Let’s face it. Practically every tech company is dazzled, or more accurately, dazed by the sheer volume of the projected IoT market — “50 billion devices to be connected to the Internet by 2020” — as predicted by Cisco.
I’m not about to dispute that forecast. But I am curious to find out how that translates into the SoC market.
EE Times recently sat down with Richard Wawrzyniak, senior market analyst at Semico Research Co., to see how the promise of IoT market is affecting the SoC landscape.
As Wawrzyniak sees it, every chip vendor gunning right now for the IoT market is picking only “a niche or two” where they think they can win.
Unlike smartphone apps processors, for example, the IoT SoC platform, even if there is such a thing, is unlikely to cover a full range of needs.
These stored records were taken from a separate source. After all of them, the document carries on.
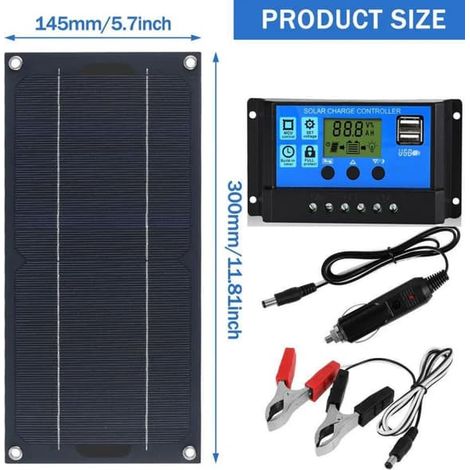 Panneau solaire 300 W 12 V, kit de panneau solaire, kit de charge avec chargeur solaire 60 A pour camping-car, yacht, extérieur, jardin, éclairage (1/5)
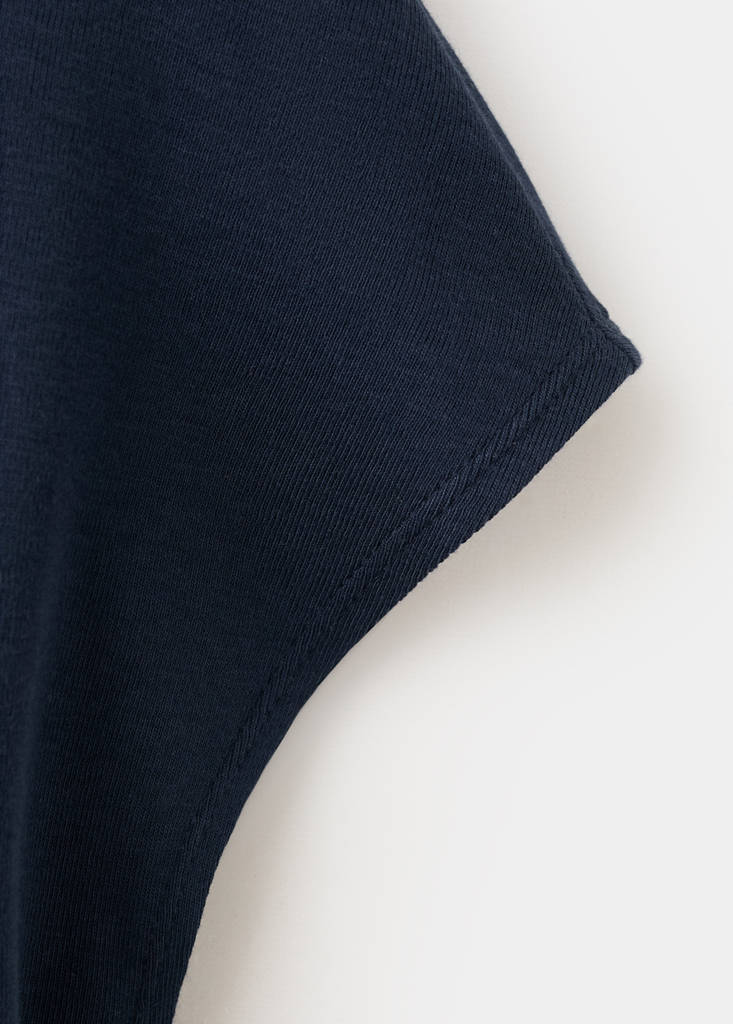 Short-sleeved cotton-blend t-shirt — Navy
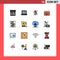 Set of 16 Modern UI Icons Symbols Signs for bell, medical, bag, injury, accident
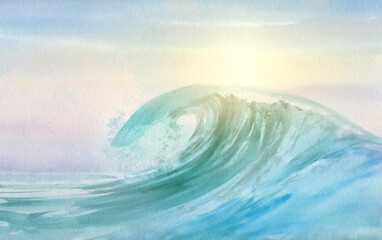 Abstract watercolor background, sunset in the sea. Seascape painted with watercolors on paper.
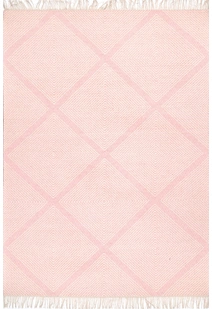 Dhurrie Pink Diamond Pattern Rug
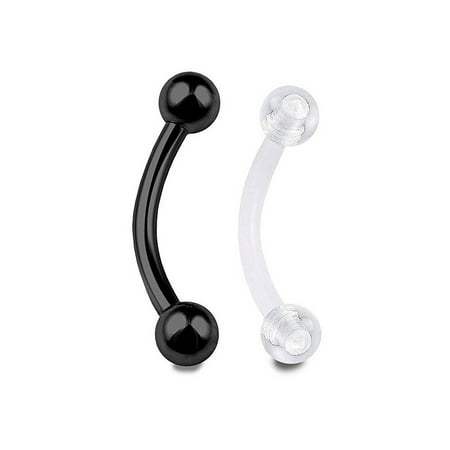 - Eyebrow Ring Black Anodized 16G Curved Barbell with Clear Retainer 2pcs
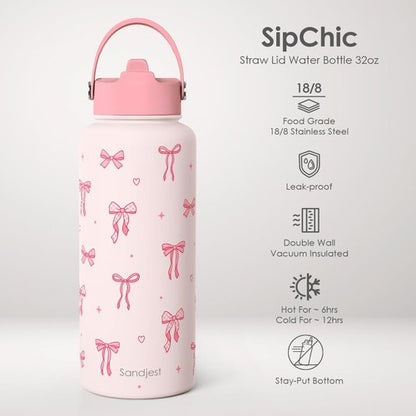 Coquette Stainless Steel Water Bottle - 32oz Insulated Pink Bow Gift for Women & Teens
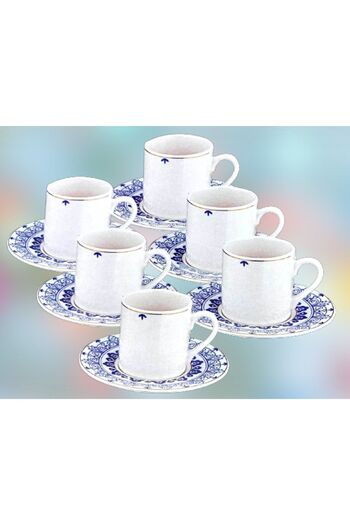 OMS PASLANMAZ Oms Collection 11116 Mavi Star Coffee Cup Set for 6 People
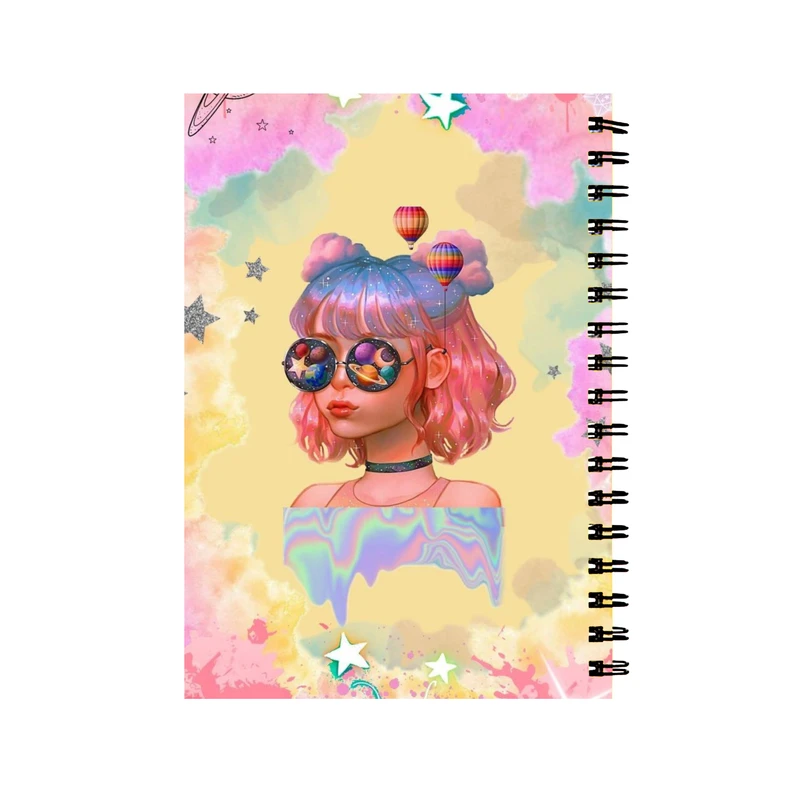 دفتر مشق 60 برگ طرح فانتزی دختر کهکشانی کد D-2010
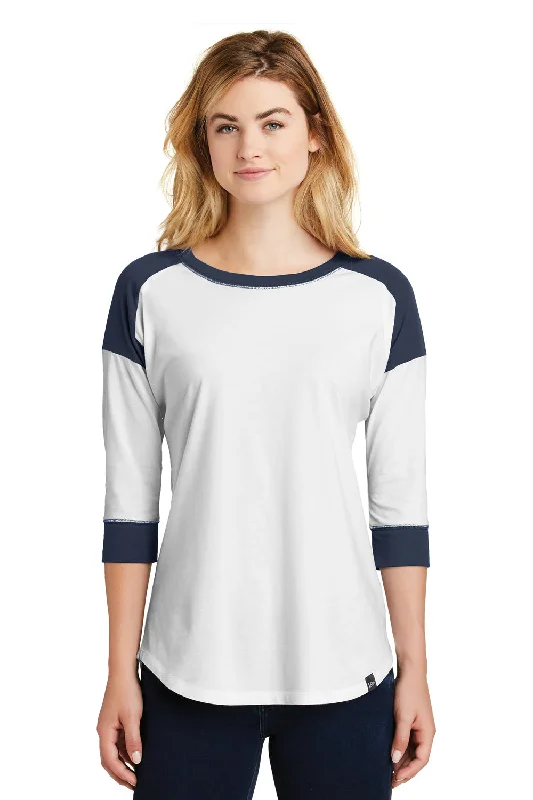Simple Style New Era Womens Heritage 3/4 Sleeve Crewneck T-Shirt - White/Navy Blue - Closeout Simple Style New Era Womens Heritage 3/4 Sleeve Crewneck T-Shirt - White/Navy Blue - Closeout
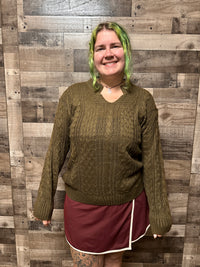 Taissa Notch Neck Oversized Tunic Sweater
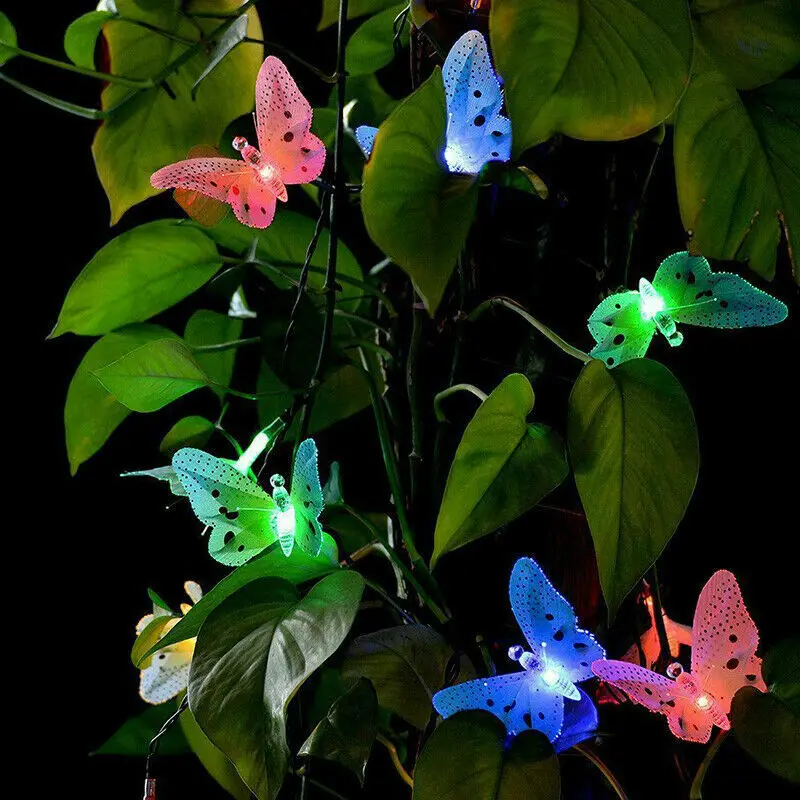 Светодиодная гирсветильник с бабочками на солнечной батарее s волоконно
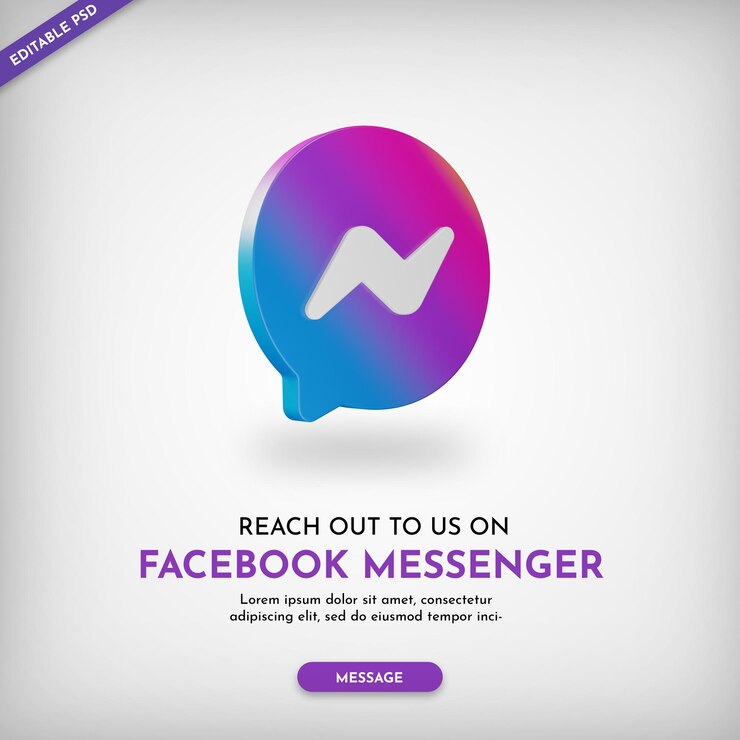 PSD conéctese en facebook messenger promo banner con icono 3d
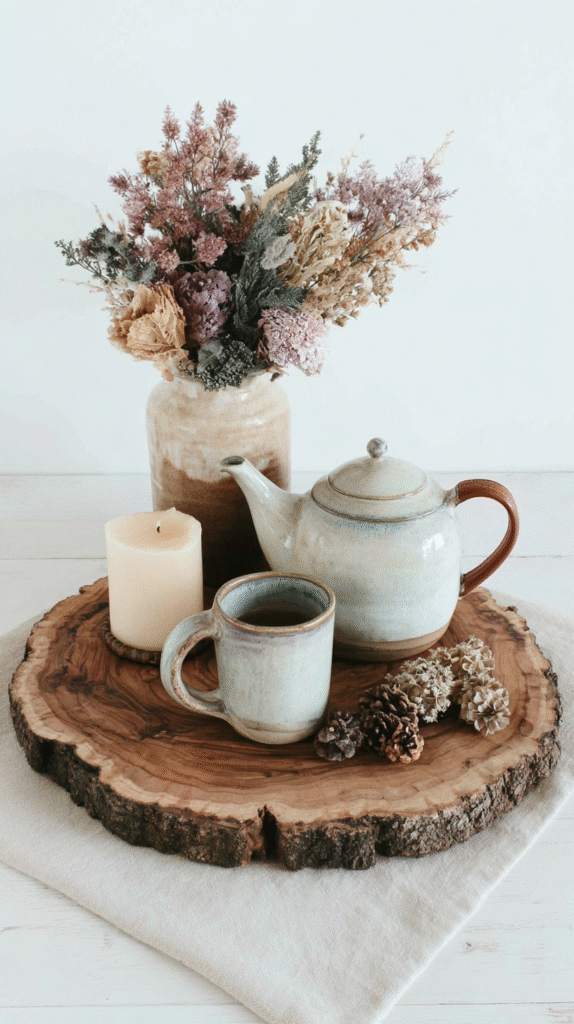 Rustic tea setup with teapot, mug, candle, and dried flowers on wood slice for cozy home decor.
After all, IoT is a wildly diversified and fragmented market.
The three obvious building blocks identified as necessary in IoT end-node devices are sensors, MCUs, and wireless connectivity.
Wawrzyniak’s colleague Tony Massimini, chief of technology at Semico, is on record saying that, in addition, the indispensable elements that will drive the IoT market are “power management, algorithm (sensor fusion), and embedded security.”
“The concept that ‘super cheap chips have to be there’ [to kick start IoT] is fraud,” Wawrzyniak noted.
By going cheap, he explained, you leave out potentially critical factors like security, regarded by some as a linchpin. In some IoT device use cases, WiFi connectivity could be also necessary.
In recent months, you might have noticed more talk in the media about IIoT, the Industrial Internet of Things. The IoT industry might be waking up to the fact that IoT for home is really the hardest trick to pull off.
If a home comes with 30 connected devices (not just connected light bulbs but everything else) running 70 individual apps, the inevitable question is who is going to maintain and manage the network, asked Wawrzyniak.
Unlike Industrial IoT, with budgets to pay for professionals to manage the network, not many homeowners are going to spring for a live-in IoT manager, he explained.
That’s one reason why the cost of some consumer IoT devices, on the SoC level, will eventually escalate, said Wawrzyniak. For example, all those connected devices won’t remain as dumb end nodes. Some might need to come with a graphical user interface, so that users can access IoT devices and understand how to use them, said the analyst.
There is one other matter to consider, Wawrzyniak added. If we’re talking about a standalone IoT device — like a door knob or thermostat — to be used at a single point in the home, there’s no problem. But once such a device gets connected to something else, the whole shebang suddenly becomes “a system,” he cautioned.
What matters, said Wawrzyniak, is how deep to embed a connected device into the network. That’s an important question, said Wawrzyniak, because it alters the nature and the architecture of an IoT SoC.
At the advent of IoT SoC proliferation, Wawrzyniak is contemplating a new category — dedicated to IoT purposed SoC solutions — to the three categories of SoCs currently defined by Semico. Those three include advanced-performance multicore SoCs; value multi-core SoCs; and basic SoCs.